Online Masters in Public Health student Meagan Edwards has global view

Our Berkeley Public Health students continue to amaze us with their drive, dedication, and life juggling skills. Current student Meagan Edwards is a California native and second year student in our online masters of public health (OOMPH) program. She’ll graduate in Spring 2021. We recently sat down with her to get the inside scoop on what it’s like working full-time while balancing school and life responsibilities.

How did you become interested in pursuing a career in public health?

My interest in global and public health began when I was volunteering to help run a pop-up medical clinic in Mexico once a month during undergrad. (I studied at Cal State Fullerton and my undergraduate degree was in health sciences with an emphasis in global health.) I knew from then on that I wanted to implement change from a global viewpoint and to bring healthcare accessibility to low- and middle-income countries. My interests in expanding healthcare technologies have grown as my career has evolved. I have a strong passion to make healthcare more globally accessible through advancements in healthcare technology and through evidence-based policy changes in these regions.

Is that what led you to the online Berkeley MPH program?

Yes, my interests in diving deeper into global healthcare accessibility led me to consider expanding my knowledge through an MPH program. I choose OOMPH because I love how flexible it is for those of us who work full-time and cannot commit to being on-campus or in synchronous sessions. My job (pre-COVID-19) required me to travel for up to 75% of the month, so the online program is the best way for me to be able to be in class and get the most out of my degree.

How long were you in the workforce between attaining your bachelors and starting your online MPH?

I graduated in 2014, was working during college at a neurology medical practice, and got my current job in 2015. I started in OOMPH in January 2019, so I had plenty of time between undergrad and graduate school, which allowed me to get quite a bit of work experience under my belt.

What is your current job and your primary role and responsibilities there?

I work for a large medical device company in physician training and education.
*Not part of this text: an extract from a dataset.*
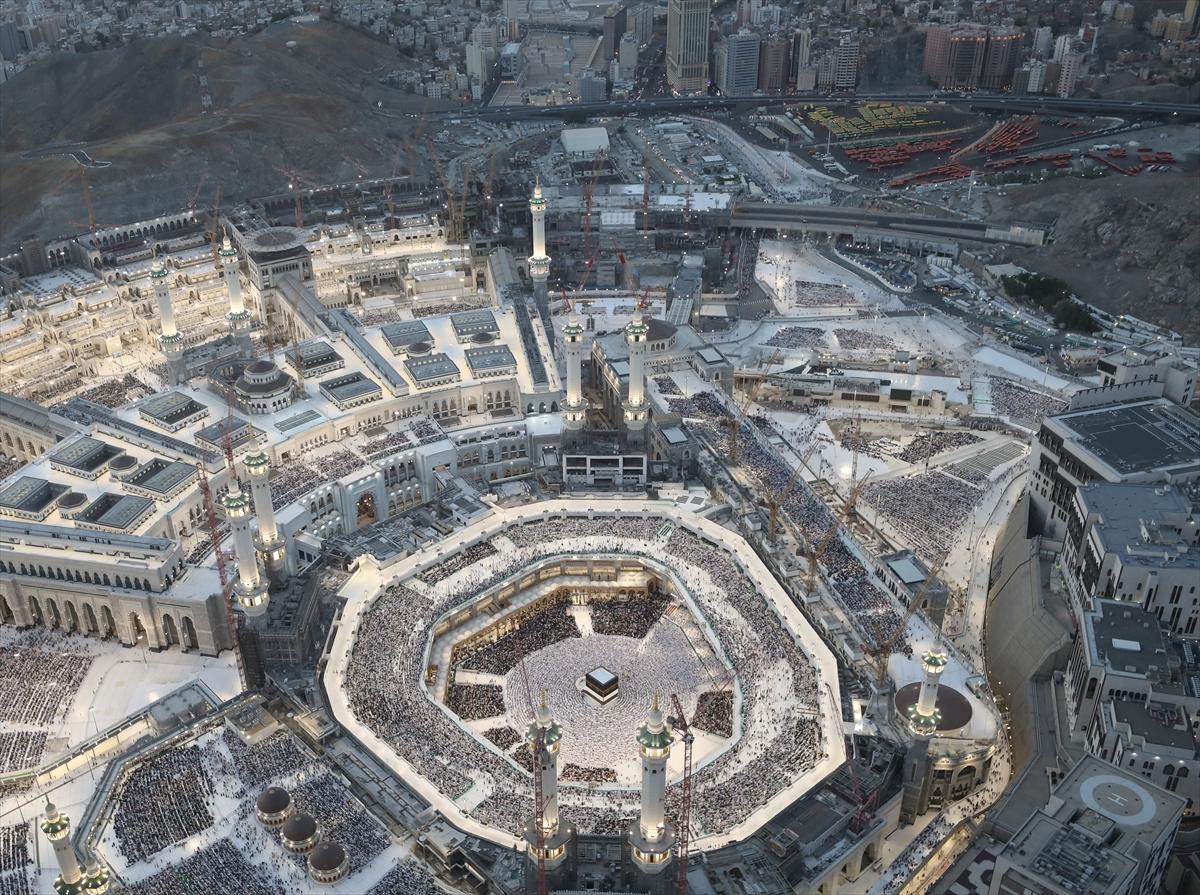 Mekke'deki Kabe'de tavaf eden hacıların havadan görüntüsü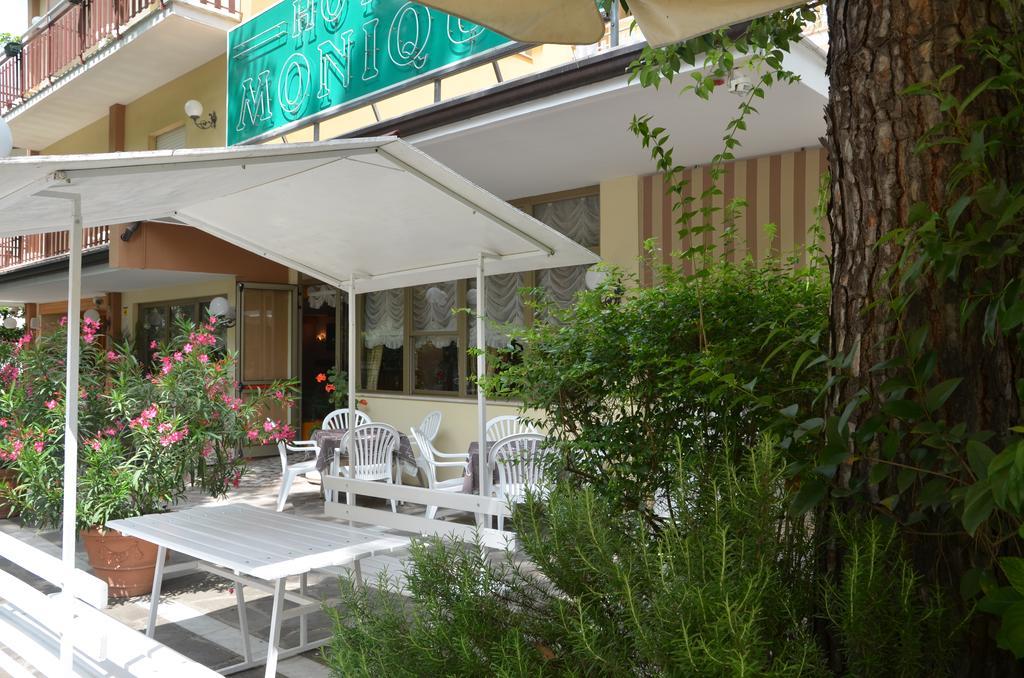 Hotel Monique Cervia Eksteriør bilde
My job is to teach physicians how to use medical devices that help to prevent or treat different types of strokes, along with other brain diseases. I also manage any clinical investigator training that must be conducted for our ongoing clinical trials.

How have you used what you’ve learned in the classroom to make change in real-time?

My education has thus far helped to provide me with the framework and confidence to seek out my career aspirations. A few of my favorite courses so far have been comparative health systems, Infectious disease, global health foundations, health policy, social determinants of health, and ethics and negotiations. In all of these courses, I feel that the takeaways are absolutely invaluable and have the most applicable to the problems I’m addressing on a day-to-day basis.